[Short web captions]
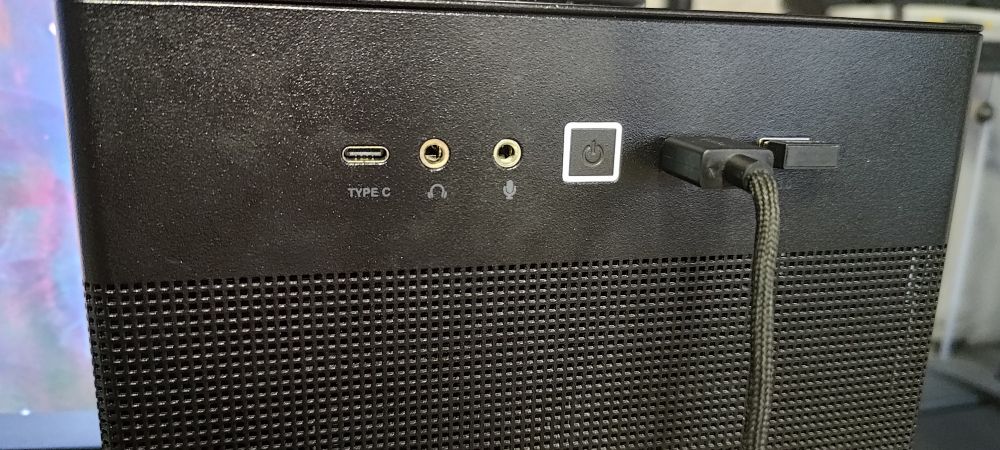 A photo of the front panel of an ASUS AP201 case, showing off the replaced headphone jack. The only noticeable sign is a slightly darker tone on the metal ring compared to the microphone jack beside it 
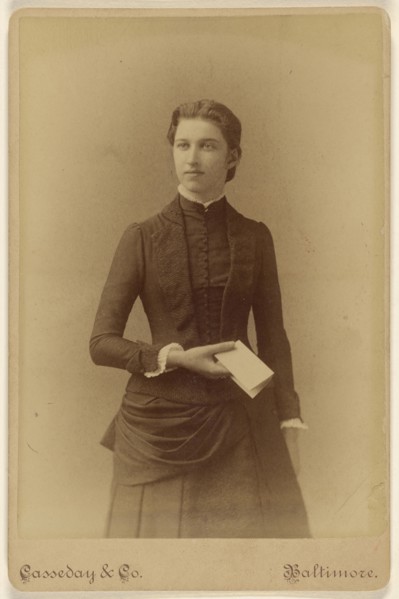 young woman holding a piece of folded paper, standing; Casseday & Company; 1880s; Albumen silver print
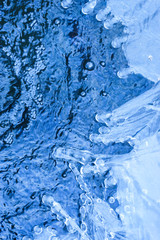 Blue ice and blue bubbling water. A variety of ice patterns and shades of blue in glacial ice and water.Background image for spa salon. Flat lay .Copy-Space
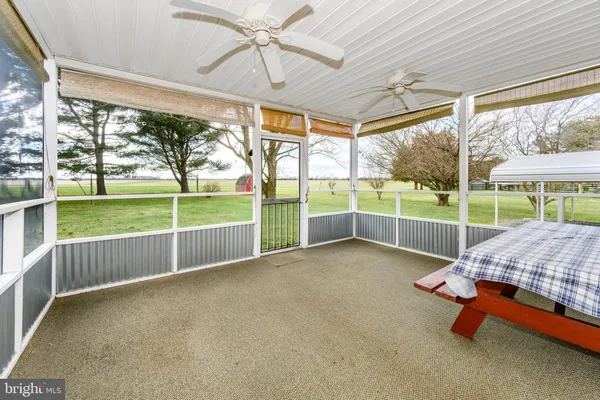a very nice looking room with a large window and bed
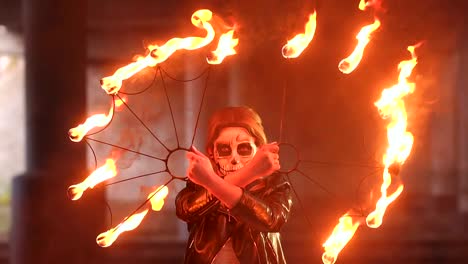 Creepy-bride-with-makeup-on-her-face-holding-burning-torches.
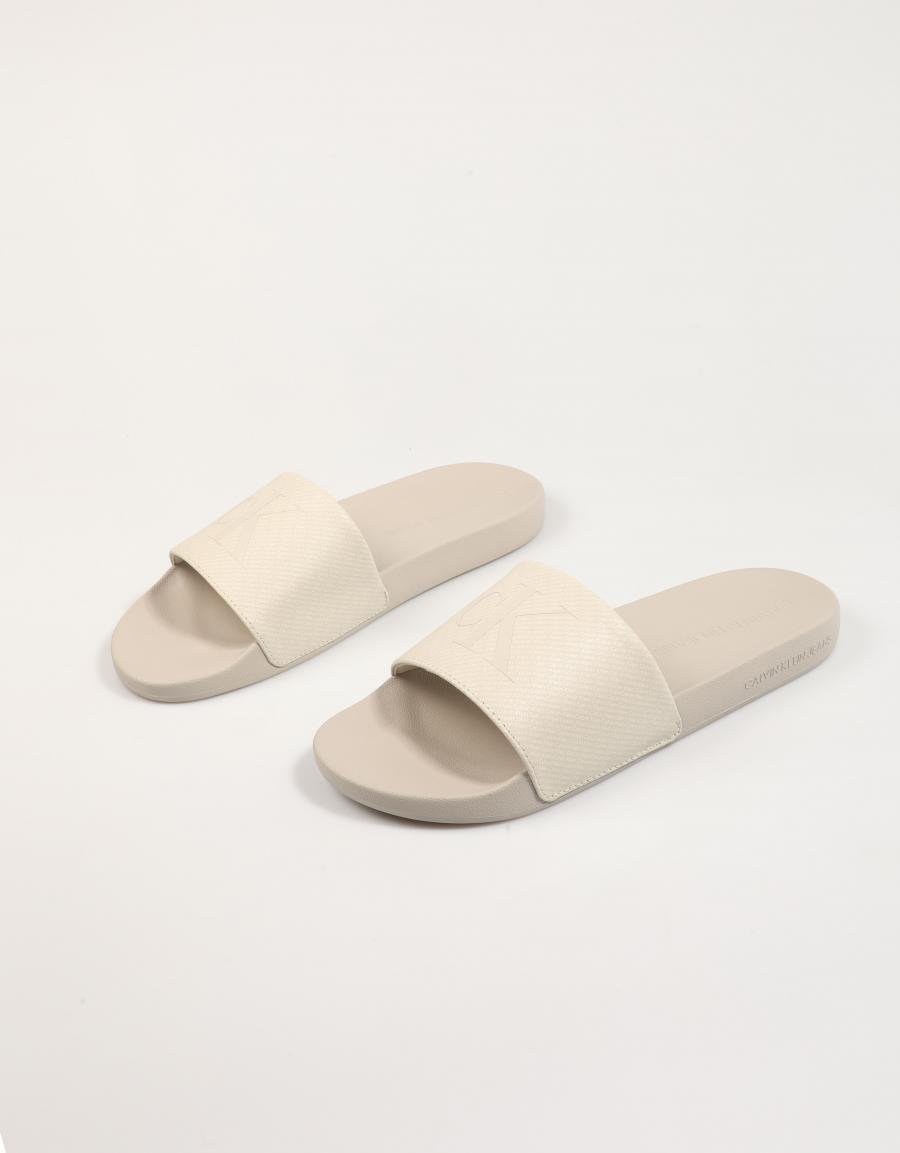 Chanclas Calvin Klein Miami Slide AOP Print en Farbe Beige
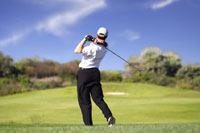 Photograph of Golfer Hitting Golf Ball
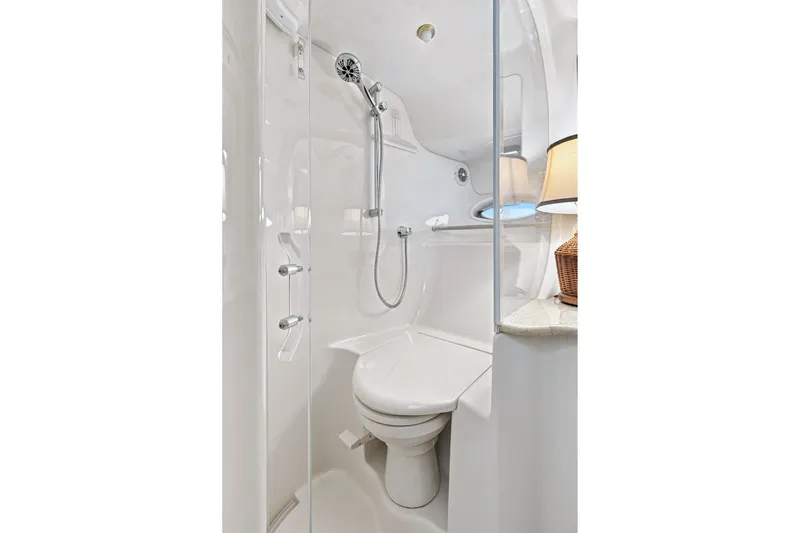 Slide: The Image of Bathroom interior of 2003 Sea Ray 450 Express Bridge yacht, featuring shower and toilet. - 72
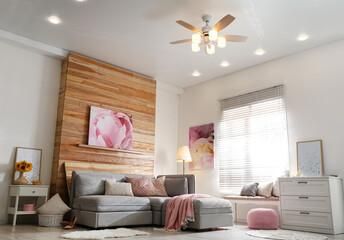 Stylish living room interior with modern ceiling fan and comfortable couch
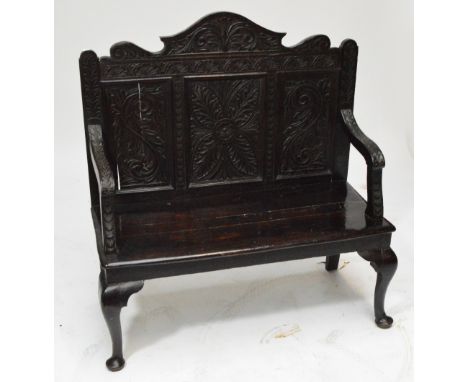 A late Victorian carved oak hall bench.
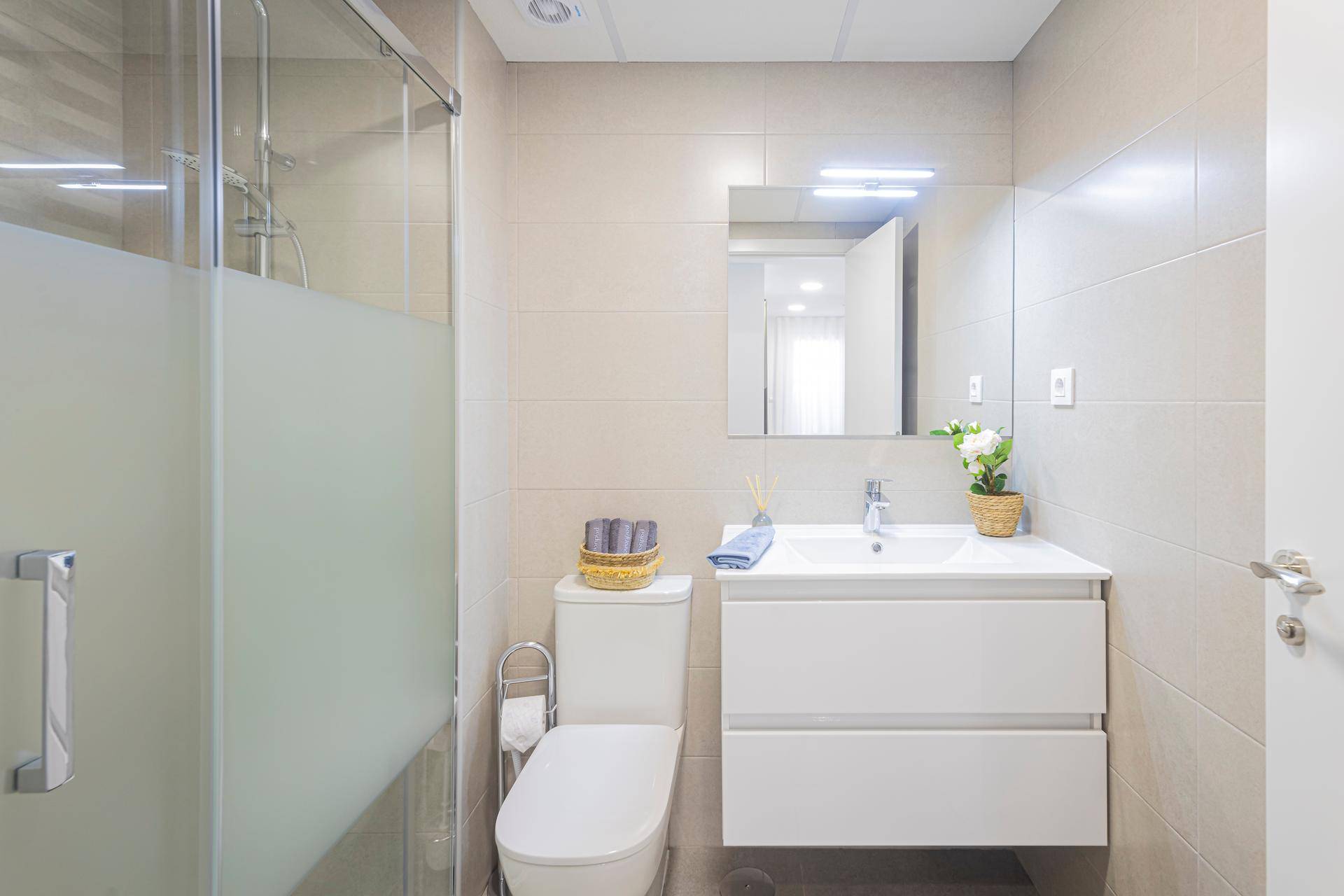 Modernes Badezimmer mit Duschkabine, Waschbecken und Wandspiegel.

→ Work to complete: Reproduce the span beginning at the line with "Photograph of Golfer Hitting Golf Ball" and ending at the last line of the entries above, inclusive, exactly as it stands. Exclude the pictures.

→ Result of this task:
 Photograph of Golfer Hitting Golf Ball
 Slide: The Image of Bathroom interior of 2003 Sea Ray 450 Express Bridge yacht, featuring shower and toilet. - 72
 Stylish living room interior with modern ceiling fan and comfortable couch
 A late Victorian carved oak hall bench.
 Modernes Badezimmer mit Duschkabine, Waschbecken und Wandspiegel.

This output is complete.